Repeat exactly what appears from the opening line of the listing to the line with "石材2236666666666666666666", inclusive.

== == ==

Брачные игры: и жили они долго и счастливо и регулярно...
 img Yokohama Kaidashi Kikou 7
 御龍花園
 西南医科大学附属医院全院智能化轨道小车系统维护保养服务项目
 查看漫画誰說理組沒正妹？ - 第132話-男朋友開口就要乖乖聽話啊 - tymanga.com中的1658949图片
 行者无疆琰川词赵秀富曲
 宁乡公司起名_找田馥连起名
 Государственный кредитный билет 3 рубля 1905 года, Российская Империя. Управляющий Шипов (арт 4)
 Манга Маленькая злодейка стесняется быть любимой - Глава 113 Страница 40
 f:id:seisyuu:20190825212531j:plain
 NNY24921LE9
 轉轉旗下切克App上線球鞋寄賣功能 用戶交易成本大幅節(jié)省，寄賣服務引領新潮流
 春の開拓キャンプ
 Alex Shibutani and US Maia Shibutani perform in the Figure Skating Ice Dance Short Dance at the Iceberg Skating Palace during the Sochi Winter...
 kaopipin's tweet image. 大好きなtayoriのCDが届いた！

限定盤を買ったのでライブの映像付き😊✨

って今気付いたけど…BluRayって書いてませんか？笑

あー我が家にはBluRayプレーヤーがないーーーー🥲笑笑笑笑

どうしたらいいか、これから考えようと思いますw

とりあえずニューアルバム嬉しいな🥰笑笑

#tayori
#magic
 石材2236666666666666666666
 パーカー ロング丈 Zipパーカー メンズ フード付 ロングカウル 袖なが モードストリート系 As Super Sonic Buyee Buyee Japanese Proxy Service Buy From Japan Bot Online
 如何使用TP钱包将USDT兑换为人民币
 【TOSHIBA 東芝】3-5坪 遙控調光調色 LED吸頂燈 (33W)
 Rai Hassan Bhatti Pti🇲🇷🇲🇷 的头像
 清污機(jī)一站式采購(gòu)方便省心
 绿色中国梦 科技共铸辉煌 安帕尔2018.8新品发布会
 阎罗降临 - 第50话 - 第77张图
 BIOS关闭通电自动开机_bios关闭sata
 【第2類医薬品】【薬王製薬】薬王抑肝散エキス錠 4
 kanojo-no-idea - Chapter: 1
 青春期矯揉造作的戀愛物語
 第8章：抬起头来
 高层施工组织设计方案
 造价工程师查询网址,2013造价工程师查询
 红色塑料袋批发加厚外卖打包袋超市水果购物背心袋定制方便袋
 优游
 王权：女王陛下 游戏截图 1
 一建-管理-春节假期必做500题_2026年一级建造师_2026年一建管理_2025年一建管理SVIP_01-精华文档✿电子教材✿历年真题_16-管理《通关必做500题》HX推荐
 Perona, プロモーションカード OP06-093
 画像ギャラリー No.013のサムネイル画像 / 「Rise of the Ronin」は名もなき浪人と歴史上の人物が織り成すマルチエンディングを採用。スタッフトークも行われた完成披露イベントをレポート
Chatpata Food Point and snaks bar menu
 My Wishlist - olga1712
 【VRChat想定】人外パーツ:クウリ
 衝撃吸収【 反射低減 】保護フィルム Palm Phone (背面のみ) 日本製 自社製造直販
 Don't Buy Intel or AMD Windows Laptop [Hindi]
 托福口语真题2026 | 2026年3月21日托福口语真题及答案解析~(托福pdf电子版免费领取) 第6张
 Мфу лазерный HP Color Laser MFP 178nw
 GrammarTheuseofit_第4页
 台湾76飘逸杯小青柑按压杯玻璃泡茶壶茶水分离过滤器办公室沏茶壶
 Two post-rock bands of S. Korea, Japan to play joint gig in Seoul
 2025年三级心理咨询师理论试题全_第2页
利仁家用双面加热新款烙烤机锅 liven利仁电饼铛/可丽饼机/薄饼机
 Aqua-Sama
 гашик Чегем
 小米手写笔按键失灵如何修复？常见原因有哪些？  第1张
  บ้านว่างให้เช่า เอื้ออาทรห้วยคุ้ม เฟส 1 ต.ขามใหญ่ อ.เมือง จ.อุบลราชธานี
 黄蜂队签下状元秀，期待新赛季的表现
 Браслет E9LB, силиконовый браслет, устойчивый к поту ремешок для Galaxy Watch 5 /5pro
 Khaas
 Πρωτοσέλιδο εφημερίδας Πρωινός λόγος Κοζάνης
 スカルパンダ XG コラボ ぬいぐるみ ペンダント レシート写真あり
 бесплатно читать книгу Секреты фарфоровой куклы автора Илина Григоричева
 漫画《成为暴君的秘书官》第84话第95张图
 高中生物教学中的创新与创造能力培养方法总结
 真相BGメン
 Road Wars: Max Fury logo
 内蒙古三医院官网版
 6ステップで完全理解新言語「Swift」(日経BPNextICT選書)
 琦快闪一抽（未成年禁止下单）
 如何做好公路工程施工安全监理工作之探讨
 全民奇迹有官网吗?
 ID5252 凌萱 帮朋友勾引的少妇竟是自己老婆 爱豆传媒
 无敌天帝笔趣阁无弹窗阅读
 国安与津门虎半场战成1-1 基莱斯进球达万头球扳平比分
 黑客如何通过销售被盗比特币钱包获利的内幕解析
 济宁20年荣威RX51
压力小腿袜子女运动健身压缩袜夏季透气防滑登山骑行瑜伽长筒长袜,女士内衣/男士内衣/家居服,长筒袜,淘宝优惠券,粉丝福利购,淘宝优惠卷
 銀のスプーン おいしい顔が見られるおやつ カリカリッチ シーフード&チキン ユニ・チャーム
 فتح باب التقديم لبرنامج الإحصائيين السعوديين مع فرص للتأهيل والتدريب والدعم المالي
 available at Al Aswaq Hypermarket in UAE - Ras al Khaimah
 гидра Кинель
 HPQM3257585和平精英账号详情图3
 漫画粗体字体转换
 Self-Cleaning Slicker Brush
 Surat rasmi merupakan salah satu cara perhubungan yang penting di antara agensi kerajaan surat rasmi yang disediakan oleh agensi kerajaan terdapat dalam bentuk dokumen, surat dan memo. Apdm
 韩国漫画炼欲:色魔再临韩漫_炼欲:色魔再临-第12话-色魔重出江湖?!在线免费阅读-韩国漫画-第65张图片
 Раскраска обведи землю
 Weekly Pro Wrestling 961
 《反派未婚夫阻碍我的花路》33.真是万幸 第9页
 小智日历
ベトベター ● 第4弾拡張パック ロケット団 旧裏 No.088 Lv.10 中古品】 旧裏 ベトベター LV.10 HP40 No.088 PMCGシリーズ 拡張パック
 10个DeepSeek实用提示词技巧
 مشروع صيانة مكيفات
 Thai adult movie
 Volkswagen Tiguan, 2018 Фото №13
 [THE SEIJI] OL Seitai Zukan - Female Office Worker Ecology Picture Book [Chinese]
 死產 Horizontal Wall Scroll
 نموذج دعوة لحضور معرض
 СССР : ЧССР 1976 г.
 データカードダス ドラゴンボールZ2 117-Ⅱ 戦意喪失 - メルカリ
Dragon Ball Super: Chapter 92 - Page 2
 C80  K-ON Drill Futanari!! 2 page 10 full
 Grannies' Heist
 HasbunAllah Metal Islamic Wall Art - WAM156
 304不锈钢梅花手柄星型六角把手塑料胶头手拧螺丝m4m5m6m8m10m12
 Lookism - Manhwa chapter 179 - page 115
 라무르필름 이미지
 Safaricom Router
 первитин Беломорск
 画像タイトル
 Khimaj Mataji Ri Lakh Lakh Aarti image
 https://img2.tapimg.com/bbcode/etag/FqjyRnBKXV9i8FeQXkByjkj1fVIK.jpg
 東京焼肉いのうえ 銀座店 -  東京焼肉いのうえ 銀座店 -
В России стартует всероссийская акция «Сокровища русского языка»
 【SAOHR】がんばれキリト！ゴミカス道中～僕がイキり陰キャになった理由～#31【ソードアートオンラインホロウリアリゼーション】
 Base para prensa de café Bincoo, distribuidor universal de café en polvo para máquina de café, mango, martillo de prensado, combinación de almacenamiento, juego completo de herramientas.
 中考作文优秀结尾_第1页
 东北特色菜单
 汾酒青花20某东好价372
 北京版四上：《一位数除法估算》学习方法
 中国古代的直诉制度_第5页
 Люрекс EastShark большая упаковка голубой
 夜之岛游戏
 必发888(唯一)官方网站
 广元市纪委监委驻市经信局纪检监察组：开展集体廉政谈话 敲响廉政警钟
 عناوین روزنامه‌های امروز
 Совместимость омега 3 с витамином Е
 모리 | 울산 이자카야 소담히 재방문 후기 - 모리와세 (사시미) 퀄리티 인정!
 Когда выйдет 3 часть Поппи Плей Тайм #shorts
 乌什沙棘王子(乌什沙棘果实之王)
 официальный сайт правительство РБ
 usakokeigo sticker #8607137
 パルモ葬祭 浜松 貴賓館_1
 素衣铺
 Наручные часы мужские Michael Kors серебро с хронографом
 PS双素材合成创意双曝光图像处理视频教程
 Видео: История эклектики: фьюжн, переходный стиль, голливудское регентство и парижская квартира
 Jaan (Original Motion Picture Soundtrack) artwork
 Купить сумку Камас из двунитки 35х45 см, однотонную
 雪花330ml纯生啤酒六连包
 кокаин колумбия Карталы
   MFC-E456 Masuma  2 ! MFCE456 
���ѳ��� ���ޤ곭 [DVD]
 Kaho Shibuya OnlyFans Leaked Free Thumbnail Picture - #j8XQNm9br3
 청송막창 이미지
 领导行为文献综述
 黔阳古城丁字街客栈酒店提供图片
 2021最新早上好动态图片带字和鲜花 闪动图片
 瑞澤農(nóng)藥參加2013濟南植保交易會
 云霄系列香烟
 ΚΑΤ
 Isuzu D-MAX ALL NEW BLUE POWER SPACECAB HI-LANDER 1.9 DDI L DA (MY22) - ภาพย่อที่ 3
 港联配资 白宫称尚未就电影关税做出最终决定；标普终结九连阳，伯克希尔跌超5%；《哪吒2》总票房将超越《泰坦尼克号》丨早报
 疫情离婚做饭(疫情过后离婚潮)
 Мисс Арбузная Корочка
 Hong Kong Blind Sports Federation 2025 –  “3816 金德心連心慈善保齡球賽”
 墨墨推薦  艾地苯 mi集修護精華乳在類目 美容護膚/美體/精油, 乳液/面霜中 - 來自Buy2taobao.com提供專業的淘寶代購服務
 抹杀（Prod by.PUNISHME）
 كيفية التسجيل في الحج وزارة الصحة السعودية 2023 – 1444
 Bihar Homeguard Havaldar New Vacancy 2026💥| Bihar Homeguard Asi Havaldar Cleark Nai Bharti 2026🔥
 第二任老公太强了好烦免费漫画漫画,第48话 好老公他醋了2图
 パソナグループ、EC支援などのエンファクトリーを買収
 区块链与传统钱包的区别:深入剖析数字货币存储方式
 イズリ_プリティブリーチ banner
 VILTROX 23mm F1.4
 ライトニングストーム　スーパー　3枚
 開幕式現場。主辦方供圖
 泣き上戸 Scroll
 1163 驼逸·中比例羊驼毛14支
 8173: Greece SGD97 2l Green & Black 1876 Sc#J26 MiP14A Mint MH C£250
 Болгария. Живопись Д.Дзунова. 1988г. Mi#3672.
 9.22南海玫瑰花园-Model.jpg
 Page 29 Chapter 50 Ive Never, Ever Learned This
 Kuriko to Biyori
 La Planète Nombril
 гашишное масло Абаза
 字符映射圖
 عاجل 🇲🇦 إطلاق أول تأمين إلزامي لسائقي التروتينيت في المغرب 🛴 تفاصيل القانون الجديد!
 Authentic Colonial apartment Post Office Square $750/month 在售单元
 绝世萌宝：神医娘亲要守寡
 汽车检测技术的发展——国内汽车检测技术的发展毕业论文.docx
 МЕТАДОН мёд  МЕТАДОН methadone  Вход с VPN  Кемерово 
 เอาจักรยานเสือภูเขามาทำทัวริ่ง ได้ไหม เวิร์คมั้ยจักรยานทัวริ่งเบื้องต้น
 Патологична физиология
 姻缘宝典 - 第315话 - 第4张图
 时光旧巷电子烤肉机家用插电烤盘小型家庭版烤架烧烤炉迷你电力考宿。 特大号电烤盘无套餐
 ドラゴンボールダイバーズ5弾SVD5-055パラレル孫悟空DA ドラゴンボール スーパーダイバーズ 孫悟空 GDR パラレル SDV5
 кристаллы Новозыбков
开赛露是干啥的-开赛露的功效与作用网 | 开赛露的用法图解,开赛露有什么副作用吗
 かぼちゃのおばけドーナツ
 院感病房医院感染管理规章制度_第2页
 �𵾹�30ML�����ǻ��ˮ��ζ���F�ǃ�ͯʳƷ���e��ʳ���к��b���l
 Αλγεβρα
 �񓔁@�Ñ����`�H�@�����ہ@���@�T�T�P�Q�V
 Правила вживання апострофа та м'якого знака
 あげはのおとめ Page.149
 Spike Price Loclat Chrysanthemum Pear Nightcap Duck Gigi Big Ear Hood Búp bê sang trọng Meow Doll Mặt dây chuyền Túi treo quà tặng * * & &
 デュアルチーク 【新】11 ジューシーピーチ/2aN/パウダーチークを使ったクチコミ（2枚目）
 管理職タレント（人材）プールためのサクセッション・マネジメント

== == ==

• _TASK RESULT_:
Брачные игры: и жили они долго и счастливо и регулярно...
 img Yokohama Kaidashi Kikou 7
 御龍花園
 西南医科大学附属医院全院智能化轨道小车系统维护保养服务项目
 查看漫画誰說理組沒正妹？ - 第132話-男朋友開口就要乖乖聽話啊 - tymanga.com中的1658949图片
 行者无疆琰川词赵秀富曲
 宁乡公司起名_找田馥连起名
 Государственный кредитный билет 3 рубля 1905 года, Российская Империя. Управляющий Шипов (арт 4)
 Манга Маленькая злодейка стесняется быть любимой - Глава 113 Страница 40
 f:id:seisyuu:20190825212531j:plain
 NNY24921LE9
 轉轉旗下切克App上線球鞋寄賣功能 用戶交易成本大幅節(jié)省，寄賣服務引領新潮流
 春の開拓キャンプ
 Alex Shibutani and US Maia Shibutani perform in the Figure Skating Ice Dance Short Dance at the Iceberg Skating Palace during the Sochi Winter...
 kaopipin's tweet image. 大好きなtayoriのCDが届いた！

限定盤を買ったのでライブの映像付き😊✨

って今気付いたけど…BluRayって書いてませんか？笑

あー我が家にはBluRayプレーヤーがないーーーー🥲笑笑笑笑

どうしたらいいか、これから考えようと思いますw

とりあえずニューアルバム嬉しいな🥰笑笑

#tayori
#magic
 石材2236666666666666666666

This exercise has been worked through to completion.